An Ode To Tobey Maguire's Coke Gremlin In Babylon

Damien Chazelle's "Babylon" is a fantastic, over-the-top tale of debauchery and a melancholic look at the roaring '20s in Hollywood, where everything could and often did happen. This is a film of excess, beginning with an opening scene so ridiculous you'd think Baz Luhrmann directed it — or at least stood up, hooting and hollering through the scene — and the only 2022 film that ends with a shoutout to James Cameron's "Avatar," a movie it seems to both admire and deeply fear.

This is not a reverential look at the power of filmmaking like "The Fablemans," or a tender story that crosses with a tale about the power of cinema like "Cinema Paradiso," but a go-for-broke, "Animaniacs" sketch about the endless cycle of death and rebirth in Hollywood. Scenes about the making of several pictures in the same lot are fascinating if kind of cartoonish. An incredibly long opening set at a huge party so ludicrously excessive it could make Leonardo DiCaprio's character in "The Wolf of Wall Street" (a movie that lends this one half of its cast) salivate. And yet, nothing can prepare you for the film's craziest scene, or its craziest character — Tobey Maguire's The Count, aka James McKay.

Maguire's scene is so out of left field, so incredibly memorable and weird with a capital W that it simply had to make our list of the 50 best movie moments of 2022. As our own Chris Evangelista wrote, "Maguire, covered in sickly makeup and really going for it, is a hoot as this weird loony."

He is a bilious, coked-up lunatic, a real-life Gollum, and the best part of the film.

A real-life Gollum

After what feels like 8 hours following the rise and fall of stars and would-be stars in the transitional period to the talkie era, we are introduced to the mobster James McKay, aka The Count. He is owed a lot of money and is threatening to kill a starlet, so studio exec Manny goes to the Count to pay her debt and save her life — albeit not knowing he is actually delivering fake bills.

The Count immediately strikes a memorable image. Unlike everyone else in the film, who looks either dapper and larger than life or scruffy and relatable, The Count is a cartoon character brought to life, with sunken eyes, and gremlin teeth. He is essentially the Bully Maguire meme from "Spider-Man 3" on a lot more drugs.

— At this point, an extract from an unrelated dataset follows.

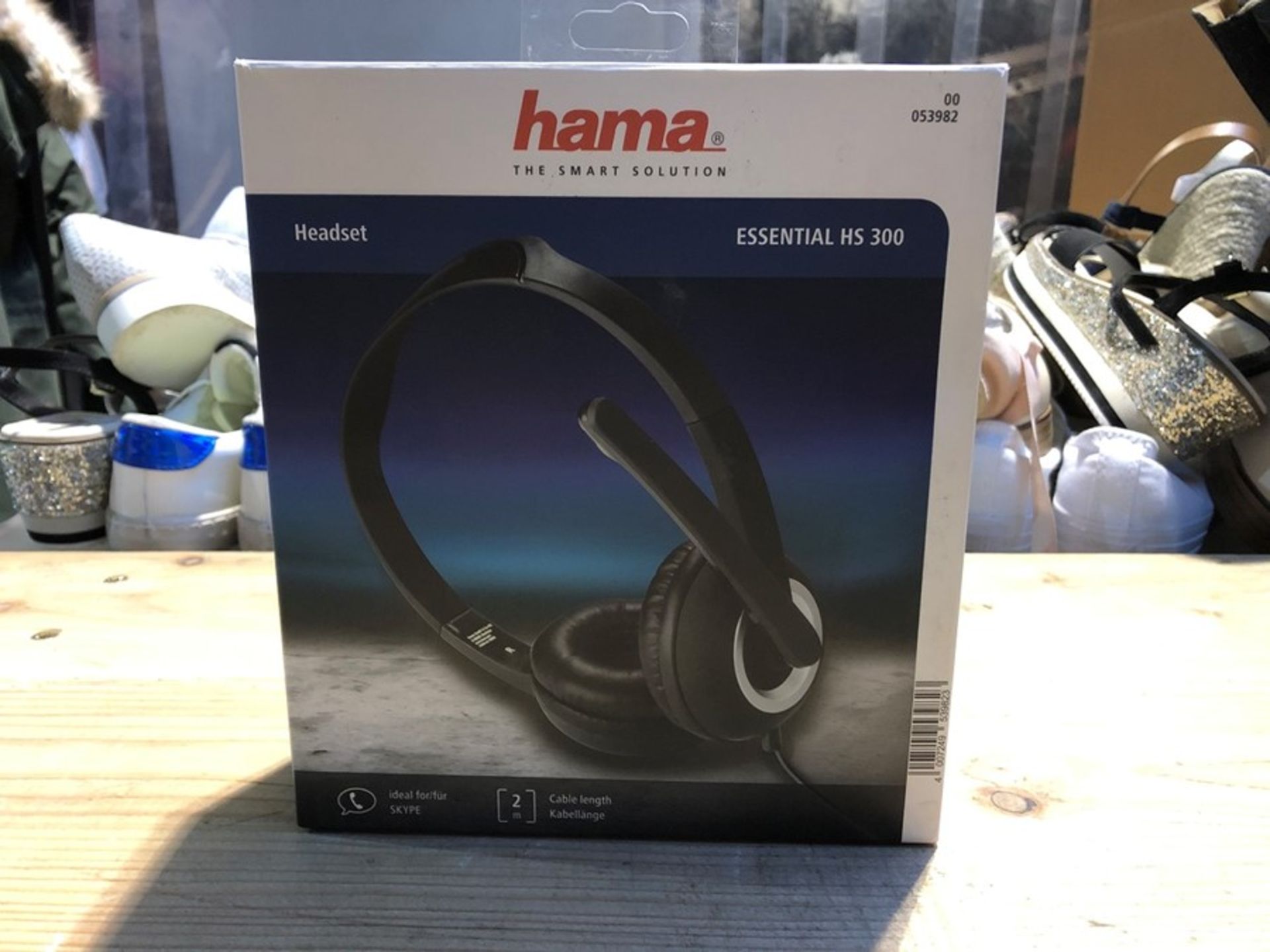 1 BOXED HAMA ESSENTIAL HS 300 HEADSET (PUBLIC VIEWING AVAILABLE)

The Count also happens to be a major cinephile, and he has a lot of ideas to pitch Manny, all of them both incredibly problematic and hilariously deranged. His biggest idea, however, is one that he promises will revolutionize Hollywood, a whole franchise revolving around a single man, who they simply have to see to believe. So he suggests they go meet him, in a secluded location.

What follows is a trip through "the a-hole of Los Angeles," a sequence that echoes the massive party from the opening scene, only twisted and corrupted. Rather than a bacchanal, it's a Dantean tour of the layers of Angeleno hell, with deathmatches, a dark sex dungeon that feels more like a proper torture dungeon, and even a hallway guarded by an alligator, all before finding McKay's star: a giant of a man who eats live rats for money.

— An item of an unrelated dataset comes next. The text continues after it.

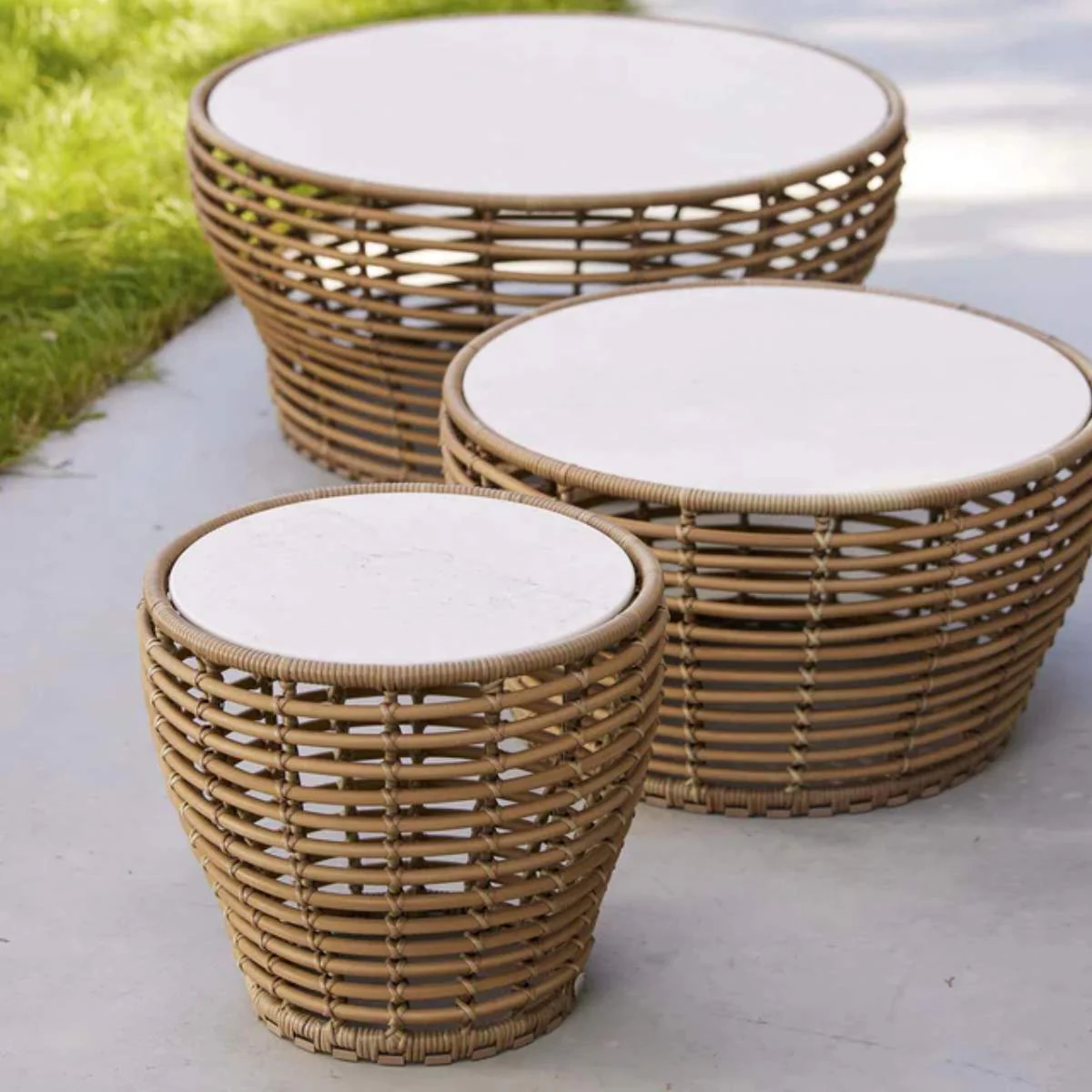 Cane-line Basket Coffee Table, Medium - Image 20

A Dantean trip through hell

This is a movie that's over the top, yet tries to be earnest and heartfelt, and even achieves that at times. But just when this gargantuan 3-hour-plus-long epic starts to wind down, just as you start thinking it is getting tedious, along comes Tobey Maguire's Count and, just like the metric ton of cocaine the character must be inhaling with every meal, completely revitalizes the film with a jolt of energy so powerful it might send a DeLorean back in time.

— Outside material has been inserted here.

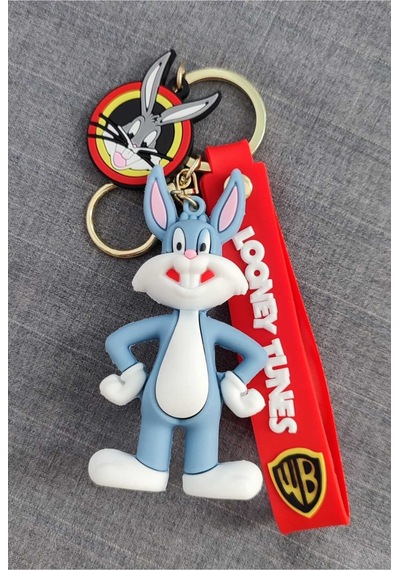 Bugs Bunny Figürlü Büyük Boy Silikon Anahtarlık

The character, on the page, is already a delightful weirdo, but what sells it is the casting of Maguire himself. Once a prince of Hollywood debauchery, he could easily have played a role that got him participating in the bacchanal of the opening scene. But no, Maguire, who is also an executive producer in the film, actually, wilfully chose to play the part of the count. "I don't know what that says about Tobey, but that's what he picked," director Damien Chazelle told Entertainment Weekly. Something about playing a sickly weirdo with rotting teeth and an affinity for depravity simply called Maguire, and we are all grateful that it did.

It's been a while since we've seen Maguire on screen. Before his not-so-surprising appearance in "No Way Home," his last live-action role was in the 2014 Bobby Fischer biopic, and "The Great Gatsby" the year before. That this is the type of juicy, non-Marvel role that gets Maguire to act again is just a blessing for all of us. The magic of movies, indeed.